2. The data sent to $H_{MD}$ is padded twice, first in the [caller code](https://github.com/filecoin-project/rust-fil-proofs/blob/tnet2/storage-proofs/post/src/election/vanilla.rs#L204) and then in the [Poseidon internals](https://github.com/filecoin-project/rust-fil-proofs/blob/tnet2/storage-proofs/core/src/hasher/poseidon.rs#L269). Probably the first padding is redundant.
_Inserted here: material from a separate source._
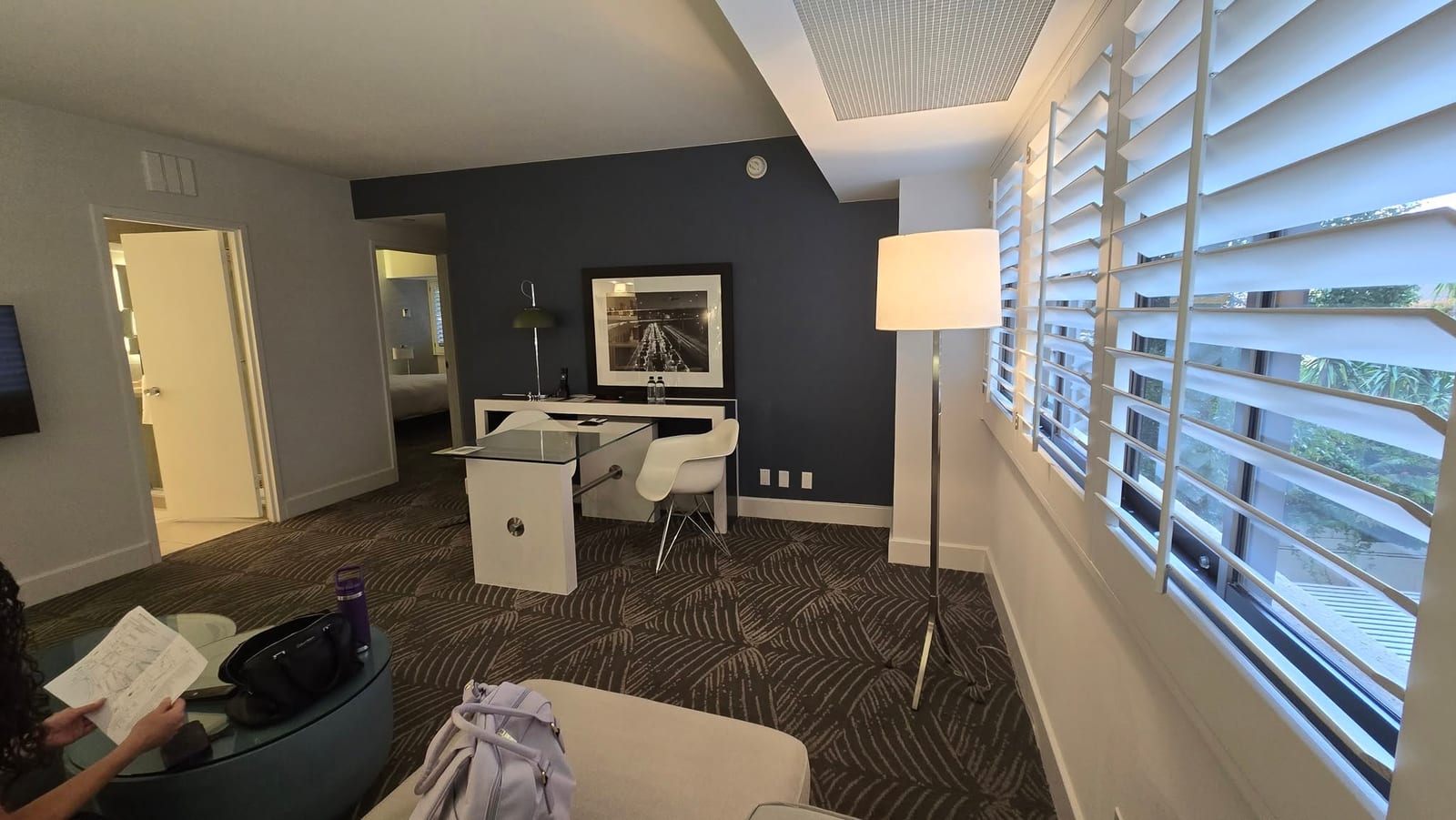 Suite living parlor overview showing sectional couch, glass desk, and modern lighting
3. An instance $H_{11}$ of Poseidon of width 12, used for column hashing, is also too wide. We recommend implementing via $H_{MD}$ as above, which would require only 3 calls to $\mathcal{P}_5$ of width 5.
4. Merkle trees of arity greater than 4 are used, in particular the arity 8. We guess this is not optimal in terms of performance due to large width of transformation $\mathcal{P}$. We advise using a tree of the same arity everywhere, for instance 2 or 4. Note that a leaf can be a hash of an arbitrarily long object, for which the $\mathcal{H}$ hash can be used (or the fixed $H_{MD}$.
## Optimal Variable- and Fixed-Length Poseidon Hash
In order to process an arbitrary long string $\mathbf{x}$ of $\mathbb{F}$ elements, the following function $\mathcal{H}$ can be used:
1. Use permutation $\mathcal{P}_5$.
2. Let $l$ be the length of $\mathbf{x}$.
3. Pad the resulting string with zero elements up to the multiple of 4, then split it into chunks $\mathbf{w}_1,\mathbf{w}_2,\ldots,\mathbf{w}_k$ of 4 elements each.
4. Compute iteratively:
$$
(h^1_1,h^2_1,h^3_1,h^4_1,h^5_1) = \mathcal{P}_5(2^{64}+l,\mathbf{w}_1)$$
$$
(h_i^1,h_i^2,h_i^3,h_i^4,h_i^5) = \mathcal{P}_5(h_{i-1}^1,h_{i-1}^2+w_i^1,h_{i-1}^3+w_i^2,h_{i-1}^4+w_i^3,h_{i-1}^5+w_i^4)
$$
where $\mathbf{w}_i=(w_i^1,w_i^2,w_i^3,w_i^4)$ and addition is in the field. Note that we set the `arity tag` field into $2^{64}+l$. This guarantees that messages of different length have different input to the first $\mathcal{P}_5$ call.
5. Output $\mathcal{H}(\mathbf{x})=h_{last}[2]$.
This construction has several advantages:
1. It works well for messages of all lengths, including short messages, where the overhead is minimal. It is thus possible to have a single constant set for the entire code.
2. One may hash the first chunks of a long message before the last ones are available.
## Other Issues
1. The [`new_with_preimage`](https://github.com/filecoin-project/neptune/blob/v0.5.4/src/poseidon.rs#L158) method does not se the `pos` field properly.
2. The code contains three alternative implementations of Poseidon hash function. One one of these implementations is actually used, but all three are reachable. Probably unused implementation should be removed or moved to tests, to make code simpler and easier to read.